Bank Tax May Be a Crowd-Pleaser, but It Isn't Fair

A recent posting What the banks owe America on the Washington Post “Post Partisan” blog caught my attention. Charles Lane makes the point that a Congressional proposal to tax banks to recoup losses from the TARP program “looks like an exercise in punitive populism.” Lane uses Treasury’s own numbers to show that the losses on TARP are not coming from banks, but from the auto companies, government mortgage relief programs, and AIG (which is an insurance company).

In fact, had TARP been limited to the banking industry, there would be no losses on that program. Treasury Secretary Geithner, in Testimony before the Senate Finance Committee on May 4, 2010 confirmed that taxpayers are benefiting from the investments made in banks: “...independent analysts’ look at the total return for the taxpayer in those [bank-TARP] programs would show that it is a very very high return.”

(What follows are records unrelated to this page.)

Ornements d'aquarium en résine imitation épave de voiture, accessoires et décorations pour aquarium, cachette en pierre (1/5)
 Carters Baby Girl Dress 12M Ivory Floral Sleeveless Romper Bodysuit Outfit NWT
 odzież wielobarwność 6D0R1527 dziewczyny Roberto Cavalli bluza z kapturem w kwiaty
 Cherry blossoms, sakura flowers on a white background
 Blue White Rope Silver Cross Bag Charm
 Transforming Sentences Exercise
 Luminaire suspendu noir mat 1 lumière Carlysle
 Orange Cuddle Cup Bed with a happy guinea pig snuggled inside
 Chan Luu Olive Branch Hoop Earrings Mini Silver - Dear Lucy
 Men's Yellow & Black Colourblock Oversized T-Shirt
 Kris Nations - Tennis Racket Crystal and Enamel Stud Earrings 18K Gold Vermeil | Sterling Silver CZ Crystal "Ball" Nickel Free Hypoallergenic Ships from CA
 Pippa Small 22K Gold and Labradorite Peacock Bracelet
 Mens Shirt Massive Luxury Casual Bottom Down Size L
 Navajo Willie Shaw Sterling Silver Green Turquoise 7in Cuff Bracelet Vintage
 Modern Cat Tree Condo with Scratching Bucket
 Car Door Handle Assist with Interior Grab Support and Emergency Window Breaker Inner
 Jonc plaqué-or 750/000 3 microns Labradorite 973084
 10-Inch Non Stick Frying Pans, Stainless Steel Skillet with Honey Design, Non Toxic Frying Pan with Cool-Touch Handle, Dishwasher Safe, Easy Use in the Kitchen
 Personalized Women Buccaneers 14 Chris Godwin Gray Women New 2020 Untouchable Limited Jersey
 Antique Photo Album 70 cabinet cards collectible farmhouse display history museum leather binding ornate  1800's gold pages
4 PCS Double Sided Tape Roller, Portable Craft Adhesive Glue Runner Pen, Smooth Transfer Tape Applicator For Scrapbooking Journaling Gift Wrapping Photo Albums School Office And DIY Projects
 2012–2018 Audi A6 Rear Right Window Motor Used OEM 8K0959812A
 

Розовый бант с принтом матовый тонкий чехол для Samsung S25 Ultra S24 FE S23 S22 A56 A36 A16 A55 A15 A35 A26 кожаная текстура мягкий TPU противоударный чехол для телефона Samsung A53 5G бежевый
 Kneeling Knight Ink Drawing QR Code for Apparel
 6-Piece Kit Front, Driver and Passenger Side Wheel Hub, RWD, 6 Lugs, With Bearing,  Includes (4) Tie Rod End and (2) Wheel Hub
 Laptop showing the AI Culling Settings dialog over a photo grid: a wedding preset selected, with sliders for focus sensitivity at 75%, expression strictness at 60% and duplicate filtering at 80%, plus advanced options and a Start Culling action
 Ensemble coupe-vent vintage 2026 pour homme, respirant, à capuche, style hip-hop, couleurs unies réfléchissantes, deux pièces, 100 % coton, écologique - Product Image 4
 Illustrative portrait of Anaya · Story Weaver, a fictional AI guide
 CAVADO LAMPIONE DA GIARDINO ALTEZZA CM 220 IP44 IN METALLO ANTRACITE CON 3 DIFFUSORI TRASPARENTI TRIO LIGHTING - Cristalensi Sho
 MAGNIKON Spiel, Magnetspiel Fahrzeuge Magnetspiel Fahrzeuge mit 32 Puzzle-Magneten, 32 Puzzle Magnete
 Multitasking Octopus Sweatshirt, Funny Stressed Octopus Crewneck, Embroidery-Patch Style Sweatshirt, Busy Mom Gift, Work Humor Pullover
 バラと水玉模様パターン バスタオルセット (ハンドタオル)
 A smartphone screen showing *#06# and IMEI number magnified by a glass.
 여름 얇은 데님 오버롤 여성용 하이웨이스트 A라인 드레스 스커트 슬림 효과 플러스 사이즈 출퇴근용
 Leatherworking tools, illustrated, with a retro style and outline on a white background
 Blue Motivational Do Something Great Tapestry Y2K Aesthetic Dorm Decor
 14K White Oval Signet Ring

The story doesn’t end here, though. At that same hearing, I testified to the broader impacts that such a tax would have. The tax – proposed to be $90 to $117 billion over 10 years – directly reduces funding that would have otherwise been available for loans. Even worse, since $1 of bank capital can support up to $10 in lending, the simple translation is that it could mean up to $1 trillion in loans not made over the 10-year period of the tax.

Certainly, it is hard to know precisely what level of lending is ultimately not made, but the connection is direct and the impact is real. Even if it is only half of this amount, the potential impact is very large and has consequences for jobs in this economy. For example, the Congressional Budget Office estimated that the $787 billion stimulus in the American Recovery and Reinvestment Act “increased the number of full-time-equivalent jobs by 1.8 million to 4.1 million compared with what those amounts would have been otherwise.” Using that same relationship, the loss of $500 billion in loans would translate into between 1.1 million and 2.6 million in lost jobs over the 10-year period.

It’s important to consider all the impacts of these proposals to tax banks. Lane summed it up: “While it may be a crowd-pleaser, this particular proposal has never struck me as entirely fair.”